WHAT IS BEING ASKED → Return exactly the run of lines that begins at the line containing "BioMarkt Katalog |" and ends at the last line of the material below; pictures stay out.
DATA PROVIDED START
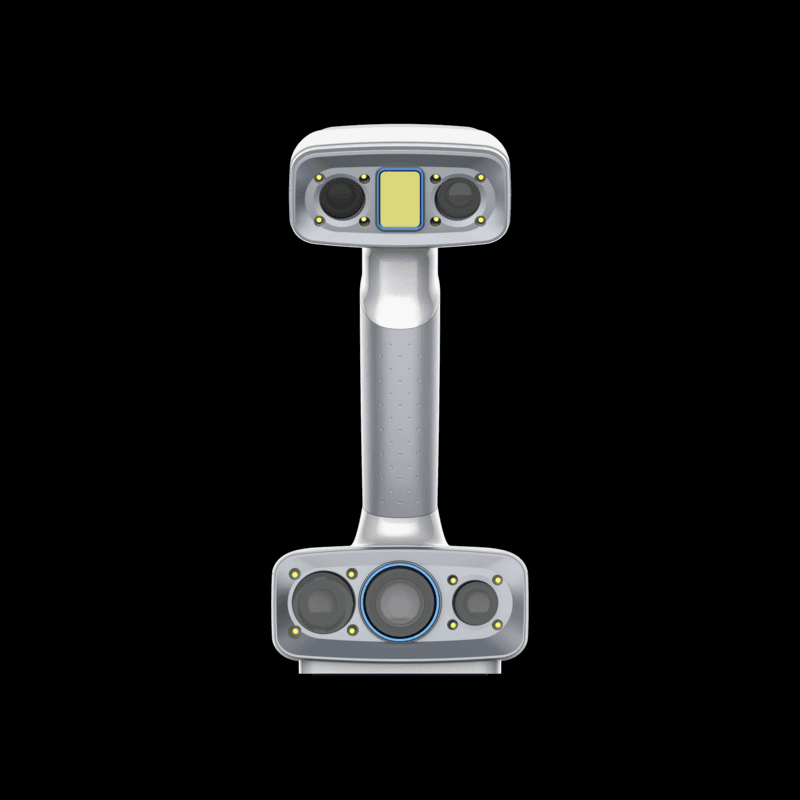 shining 3d einscan h2 scanner from a front close up view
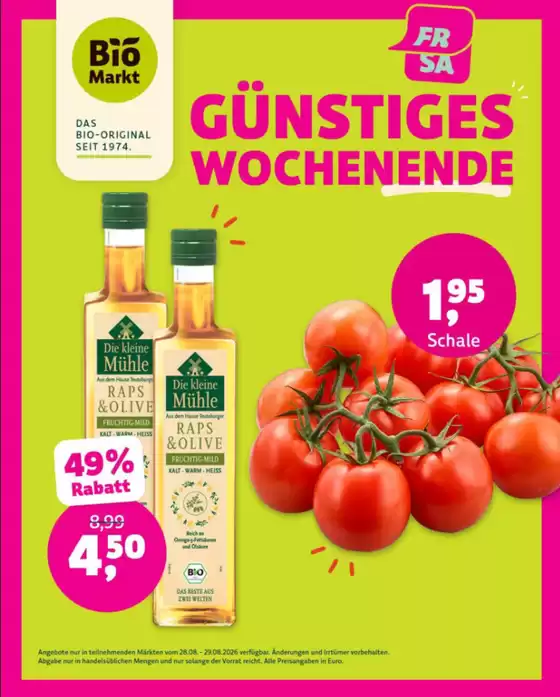 BioMarkt Katalog | Gunstiges Wochenende! | 2026-08-28T00:00:00.000Z - 2026-08-29T00:00:00.000Z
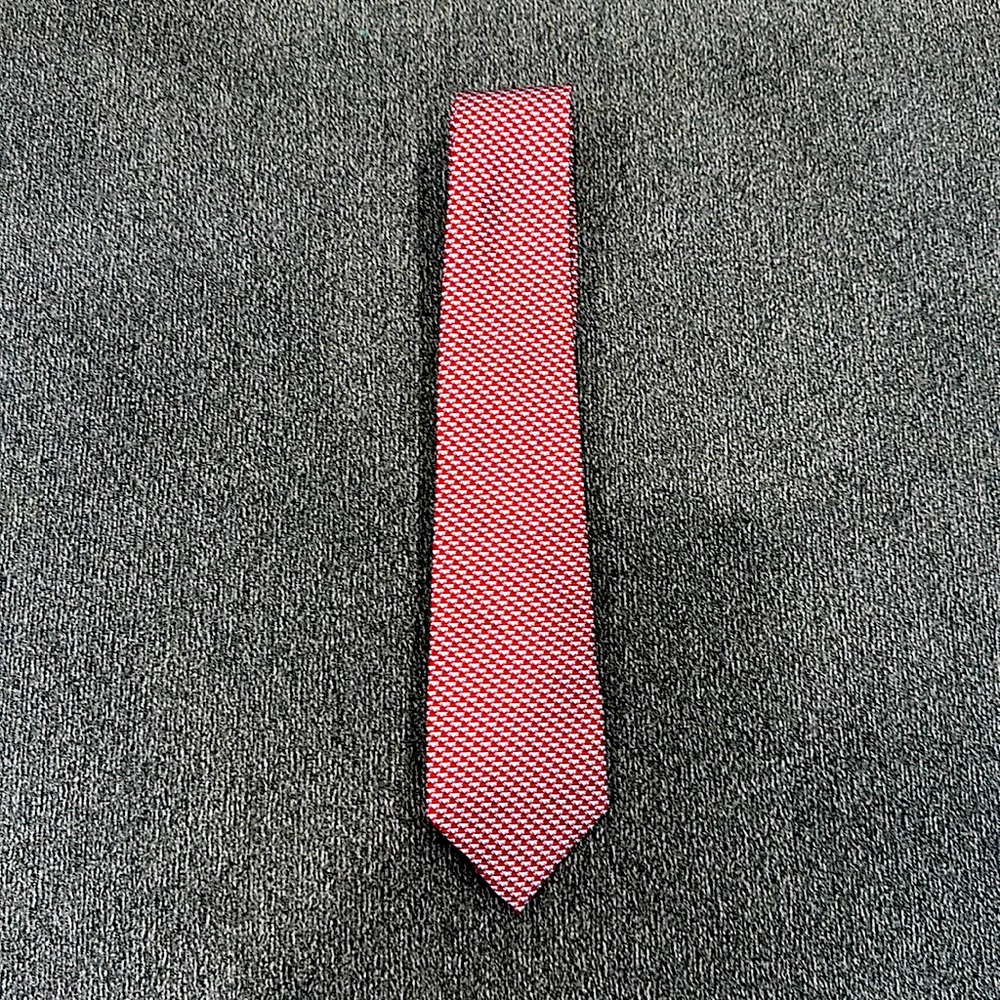 Zegna tie with beach umbrella print.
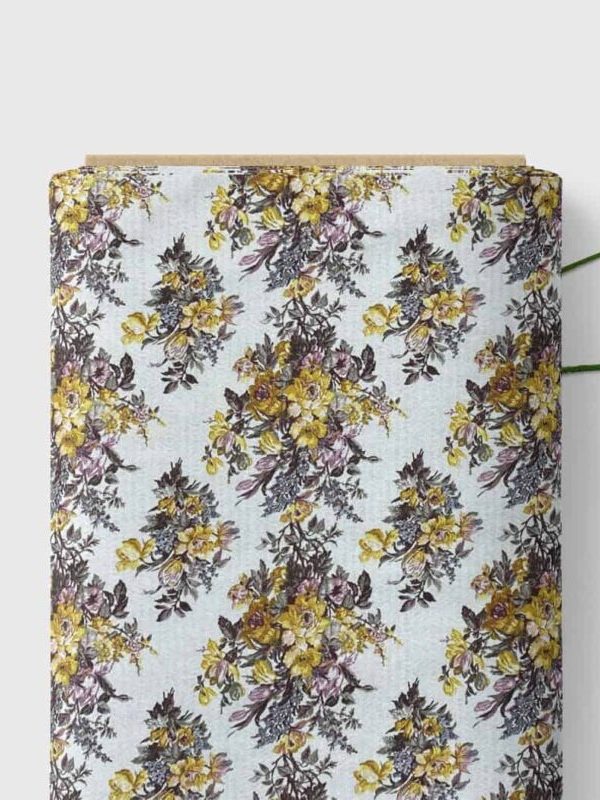 birlik1952 desenli pike kumaş fabric şakayık çiçeği flower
DATA PROVIDED END
EXPECTED ANSWER →
 BioMarkt Katalog | Gunstiges Wochenende! | 2026-08-28T00:00:00.000Z - 2026-08-29T00:00:00.000Z
 Zegna tie with beach umbrella print.
 birlik1952 desenli pike kumaş fabric şakayık çiçeği flower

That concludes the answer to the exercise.